To graduate, students must take a total of 27 classes. Students take four classes each of language arts, mathematics, and social studies. They are required to take three science classes, two fine arts classes, two foreign language or computer technology classes and a physical education class.

==Sports==
Del City High School students participate in baseball, cross country, softball, track, basketball, American football, swimming, volleyball, golf, soccer, tennis, marching band, color guard and wrestling.

===Basketball===
====Boys====
The boys' team won the 1980 5A state championship 49–34 against Lawton Eisenhower. In 2021 boys basketball won the 6A state championship and a 5A state championship in 2023.

====Girls====
In 2009, the girls' basketball team made its fourth appearance in the 6A State Tournament going on to win the 6A State Championship for their first ever State Championship.

===American football===
Del City, then coached by former Washington Redskin Leo Presley, defeated Midwest City in the first-ever rivalry match-up between the two teams.

The football team beat Putman City West 27–13 for the 1976 4A state championship.

On September 4, 2009, Del City Eagles beat their Sooner Road rivals, The Midwest City Bombers, for the first time since 2002 with a final score of 27–15.
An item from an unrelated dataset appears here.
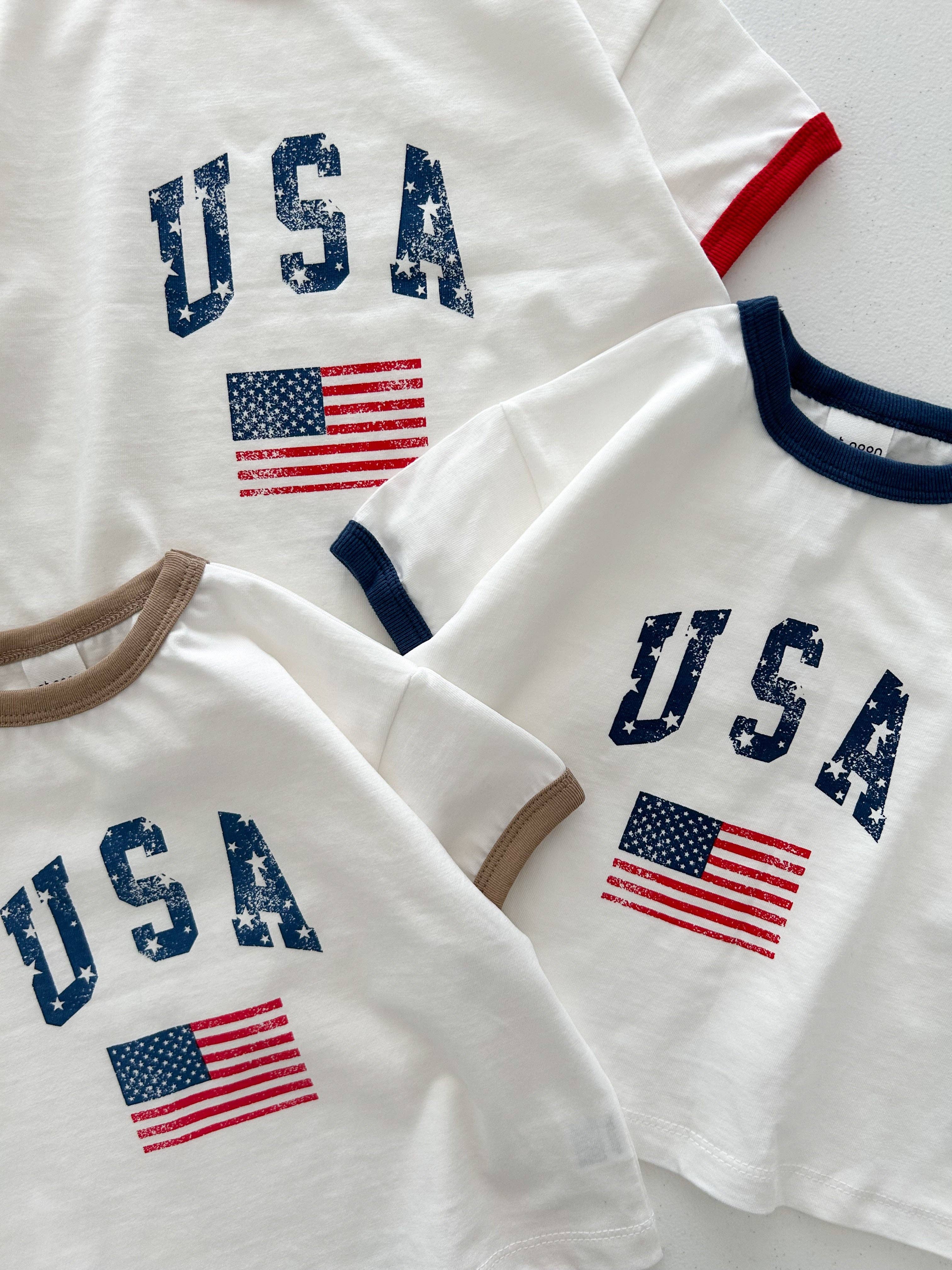 At Noon - Wholesale Top en short set - Kinderen - [At Noon Original Design] Kinderen Vintage Print USA Ringer T-shirt en Shorts Set (8m-7j) - 3 Kleuren6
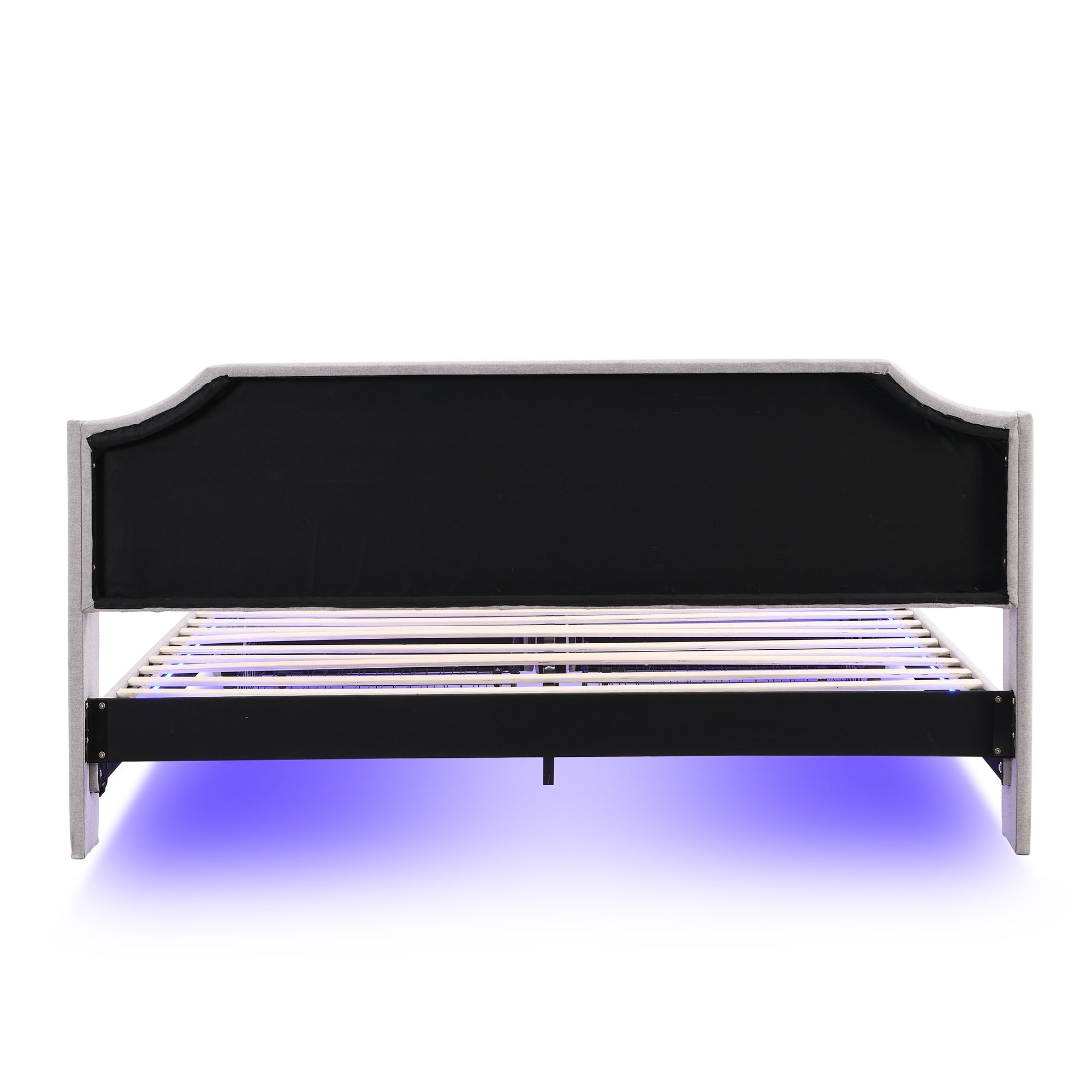 Logidon gestoffeerd bed 180x200 grijs met LED-verlichting en lades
Del City was 5A State Runner-up, losing to fellow Mid-Del school Carl Albert 35-14. This was the first time Del City had been back to the State Championship since they won back in 1976.

=== Track ===

==== Boys ====
Del City won the State Championship for boys track in 2019.

==== Girls ====
Del City girls track completed a 4-peat by winning the State Championship in 2016, 2017, 2018, and 2019.

=== Wrestling Dual ===
Del City were State Wrestling Dual Champions in 1989 and 1992.

==Extra-curricular activities==
===Student Council===
Del City Student Council is responsible for a number of activities with the school and community. It is an active member of the Oklahoma Association of Student Councils and National Association of Student Councils and attends the former's state convention and two District 9 workshops yearly and the annual Trey Leadership Conference. The council hosts WILD Week (Willing Individuals Leading with Determination) It was named the Oklahoma Association of Student Council State Secretary for 2014 and President for 2018. They have hosted the Oklahoma Association of Student Councils 74th State Conference in November 2014 and the 81st State Conference in 2021.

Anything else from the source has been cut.